Para el final del lado A del segundo álbum de Joy Division es fácil sentir que hemos sido empujados hacia un entorno siniestro y amenazante. En "A means to an end" la batería parece completamente inmisericorde, y se las arregla para sonar a máquinas e industria sin apelar a una suerte de mimesis sonora, a los gestos del rock industrial, digamos. Es fácil decir que está Manchester ahí colada, por supuesto, pero incluso prescindiendo del facilismo -que no tiene por qué ser falso- el sonido obsesionante del bajo y sus tres notas descendentes a la "I wanna be your dog" parecen una distopía de la música: ¿dónde quedó el sueño de los hippies, del krautrock, del prog? están viéndolo, en ruinas. O quizá, en tanto pospunk, la música de Joy Division sea la segunda ola del rock progresivo: capaz de prescindir de la voluptuosidad musical y del culto al virtuosismo, forzando al máximo sus vínculos con la idea del pop.
Antes había sonado "Isolation", justamente el momento pop -a la manera de Joy Division, por supuesto- del álbum, con su inigualable sonido de bajo y batería (esos golpes de ruido blanco amorfo) y los teclados que parecen una película divertida proyectada en el techo del estacionamiento por el que circulamos en un carrito de supermercado. Claro que la cosa cambia con "Passover", la más enigmática del lado A, y la metalera "Colony", que ya enfila el viaje hacia lo siniestro,  sin concesiones. ¿Pero qué cabía dudar de un disco que comenzaba con el título del mejor y más extraño libro de Ballard, el mejor y más extraño de los libros extraños del siglo XX?

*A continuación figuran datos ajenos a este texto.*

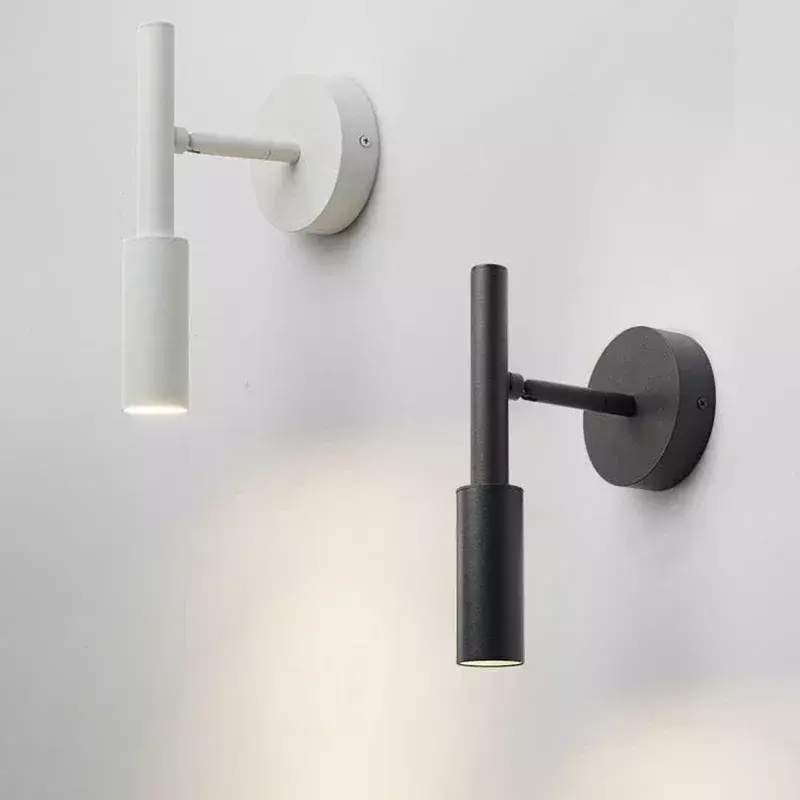 Lámpara LED de pared para pasillo, foco de decoración moderno en blanco y negro para mesita de noche, dormitorio, accesorio de iluminación giratorio para interiores minimalista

El lado B es algo completamente diferente. El sonido industrial, maligno y siniestro sigue allí, pero a medida que nos acercamos al final se funde con otra cosa, con algo que sólo cabe describir como un ambiente, un espacio, un entorno. Algo reseco, algo retorcido y algo viejo. Muy viejo. Me encantaría asumir una concepción más espiritualista de las cosas y decir que la banda canalizó una cosa maligna anterior al ser humano, pero eso sería no sólo una novela -toda crítica lo es- sino una que no sé si tengo ganas de escribir. Quizá porque lo intenté -y fallé- demasiadas veces. Pero en "Heart and soul" ya asoma el lado terrible de las visiones de Morrison, a quien Ian Curtis no sólo le debe la voz y los hábitos melódicos: acá no hay pintoresquismo, no están los caminos del rey ni la hija del párroco, pero sí están sus sombras, sus contornos, su núcleo. Y poca vida queda al comienzo de "Twenty four hours" (una vez más todo sale del sonido del bajo), y nada importa durante "The eternal": la gran tristeza de los setentas de la que habló Bowie, esa que lo arrincóno en "Low", está ahí, más visible que nunca. Lo mejor sería evitarla, pero ¿quién puede hacerlo cuando suena de una manera tan hermosa?

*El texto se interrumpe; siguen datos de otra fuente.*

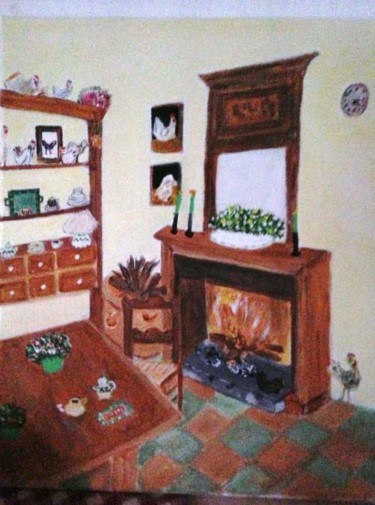 Peinture intitulée "les poules" par Soisic, Œuvre d'art originale, Huile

"Decades" es el epílogo, entonces; el sueño de una sobrevida y, por tanto, la mirada hacia atrás, hacia lo que se quiso ser, hacia la realidad de lo que se podía ser, hacia el hecho de que no se es, de que no hay nada para ser. Ahí empiezan los relatos que, mejor, deberíamos pasar a contarnos. Para seguir adelante, así sea como el personaje de "El innombrable", de Beckett.